AFAIK Azul is pauseless - it never "stops the world". Sure, it stops each thread (that's pretty much required for any synchronization mechanism, especially if you also need to determine the thread's roots), but it never stops all threads at once ("the world").
It never stops the world for full heap collection, but there is a synchronization point where all threads have to check in. This is the only thing required, so you have GC pauses, just really, really small ones. That's why I said, that practically, GC pauses are no longer relevant.
That's not correct. Unless it changed recently, Zing still has safe points as it's basically a fork of HotSpot and HotSpot pauses programs for all kinds of reasons beyond GC.
There's a talk on YouTube where they discuss their work to drive down safe point pause times. They eventually made the pauses so fast it hardly matters, but it wasn't technically completely pauseless.
Yes, Azul's C4 paper states that they do use some "synchronisation" stop-the-world phases (although their previous GCs that had hardware/kernel read barriers might not have), but IIRC Doligez-Leroy GC doesn't (although I'm not sure it was ever properly implemented).

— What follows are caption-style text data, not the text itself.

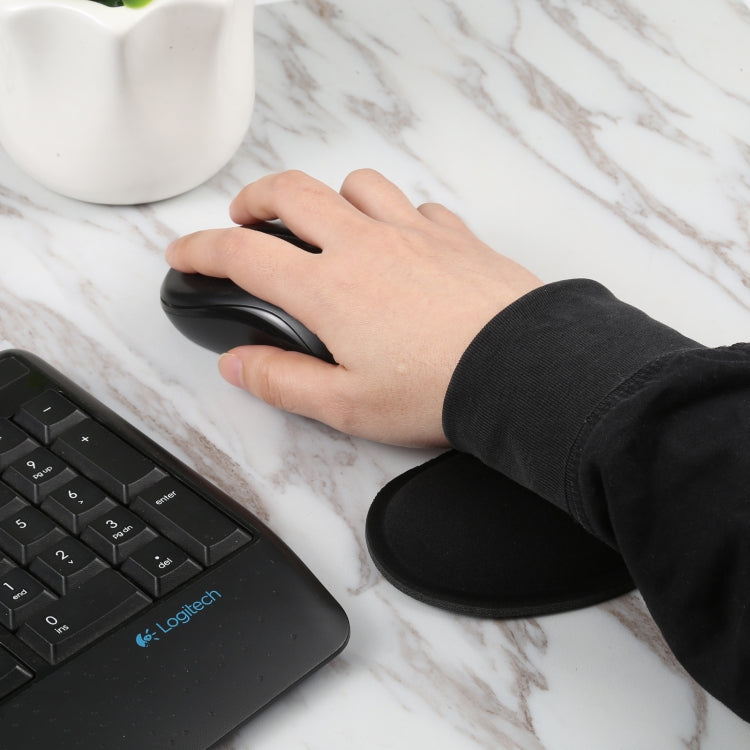 Wrist Guard Mouse Holder, Memory Foam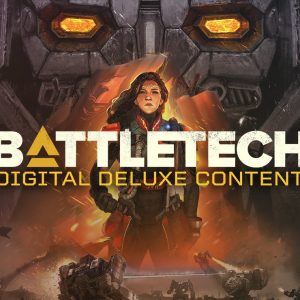 BATTLETECH - Digital Deluxe Content DLC EU PC Steam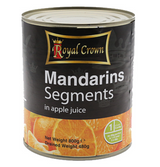106034 SAV. Royal Crown Mandarins In Juice 820G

On the other hand, Shenandoah has an explicit synchronisation phase in its algorithm (not sure if that's a fundamental property of the algorithm or just a JVM limitation though). From [0] (that was 2 years ago, things might have improved since, but I can't find a more recent version).
They had synchronization points on the hardware platform as well. The difference is that they had some amount of hardware support that made the thread check-in extremely fast.